This project is focused on creating a machine learning model to predict customer conversion rates for an auto insurance company. The project includes data analysis, model building, and the creation of a BI dashboard to visualize the results.
Objectives:
- Identify quoted policies that the company will convert (a.k.a. issue)
- Understand key characteristics of policies the company tends to write, as well as those they tend not to write (e.g. understand quoted policies with both high and low conversion rates)
- Provide a recommendation on how this information could be leveraged at the company
The data for this project was provided by Travelers, including customer historical and demographic information.
The data was cleaned and explored to identify any trends or patterns that could be used to predict conversion rates.
In our exploratory data analysis (EDA) process, we used different techniques in order to gain insights, identify patterns, and test hypotheses.
- Visualization: We used the most common visualizations like line graphs, bar charts, and histograms. They are simple but effective to view and understand the data in a visual format.
- Summary statistics: Calculating summary statistics such as mean, median, mode, and standard deviation help us get a sense of the distribution of numeric data. We have identified outliers in Age variable and skew distribution in other variables, such as safety rating and quoted amount.
- Data cleaning and preparation: To ensure the data was in a usable state, we first performed data cleaning to correct any data type issues and ensure that the data was in good condition. There are various techniques for dealing with missing values and outliers, and we applied different methods as needed throughout the project to meet our specific objectives. For instance, we used box-cox transformation to normalize skewed variables.
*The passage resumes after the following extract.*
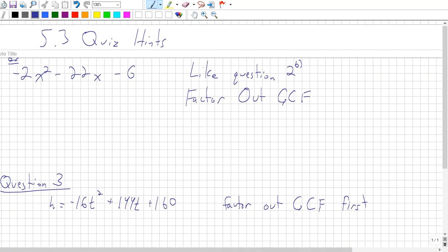The first thing we want to do with this question — you could look at it and multiply the leading numbers: negative 2 times negative 6, which would be 12. Then you could try to find two numbers that multiply to 12 and add to negative 22, of which there are none.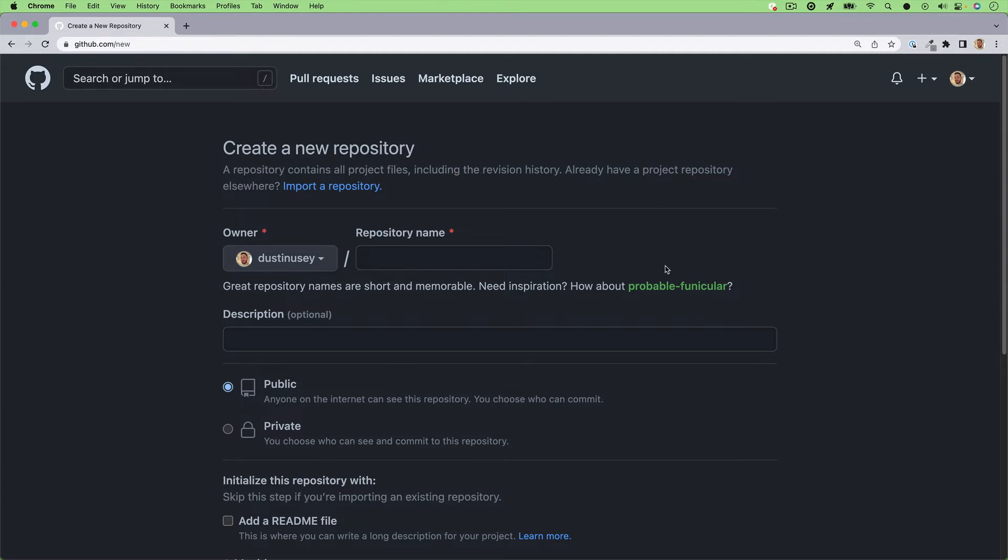I want to show you how you can create a new repository on GitHub and then clone it down to your machine using your terminal. It's pretty simple.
- Correlation analysis: Identifying correlations between different variables can help understand how variables are related and identify potential causal relationships. In our analysis, we calculated bivariate correlations using the Pearson correlation coefficient and visualized them with a heatmap.
- Statistical testing: We conducted an A/B test to compare the conversion rate of customers who were given a discount versus those who were not. Our analysis revealed that the discount had a significant impact on improving conversion, but only prior to 2017. For more detailed information, please see the jupyter notebook.
Several machine learning algorithms were tested and evaluated to determine the best model for the task, including lightGBM, XGBoost, and Neural Networks.
The final model chosen for this project was a lightGBM. The model was trained on 70% of the data, and tested on the remaining 30% to evaluate its performance. We use cross-validation to reduce the impact of randomness in the training set.
We were trying to improve the performance of our predictive model by incorporating new features through feature engineering. We were not sure how the benchmark model was originally trained, but we suspected that adding additional features from all datasets might help to increase its accuracy. We applied various feature engineering techniques to create new features that we thought might be useful for our model. These techniques included combining multiple datasets, creating calculated fields, and performing data aggregation.
We implemented a recursive feature selection process to identify the most important variables for our predictive model. To start, we used data visualization techniques to explore the relationships between the generated variables and conversion. This helped us to get a sense of which variables might be the most useful for our model.
Next, we applied statistical methods to eliminate features that were not important to the model. This allowed us to narrow down our list of potential variables and focus on the ones that had the most impact on model performance. These techniques included variance threshold, chi2 test, recursive feature selection, etc.
Finally, we used a feature importance plot to further refine our selection process. This plot was generated by lightGBM after the training process and showed us the relative importance of each variable in the model, and we used it to identify the most important variables to include in our final model. Overall, this recursive feature selection process helped us to identify the key variables that contributed the most to our model's performance and eliminated those that were not as important.
A BI dashboard was created and deployed on Streamlit Cloud to visualize the results of the model and allow for easy interpretation by stakeholders. The dashboard includes four topics.
- The time series analysis section includes visualizations and analysis related to how conversion metrics have changed over time.
- The customer segmentation analysis section includes five customer groups and analysis related to how customers are segmented and how different segments behave.
- The marketing and sales analysis section includes visualizations and analysis related to the general marketing and sales efforts and their effectiveness.
- The model prediction section utilizes a predictive model to forecast customer conversions based on user-input data. The model's predictions are accompanied by recommendations for improving conversion rates and maximizing revenue through targeted marketing and sales efforts. This analysis is valuable in identifying opportunities for optimization and growth.
Overall, this project was successful in creating a machine learning model that can accurately predict customer conversion rates for an auto insurance company. The BI dashboard provides a comprehensive tool for stakeholders to understand and interpret the results of the model. It was designed to provide a holistic view of the business and help companies make informed decisions based on historical data.
There are several areas for future improvement, including feature engineering, model fine tuning, etc.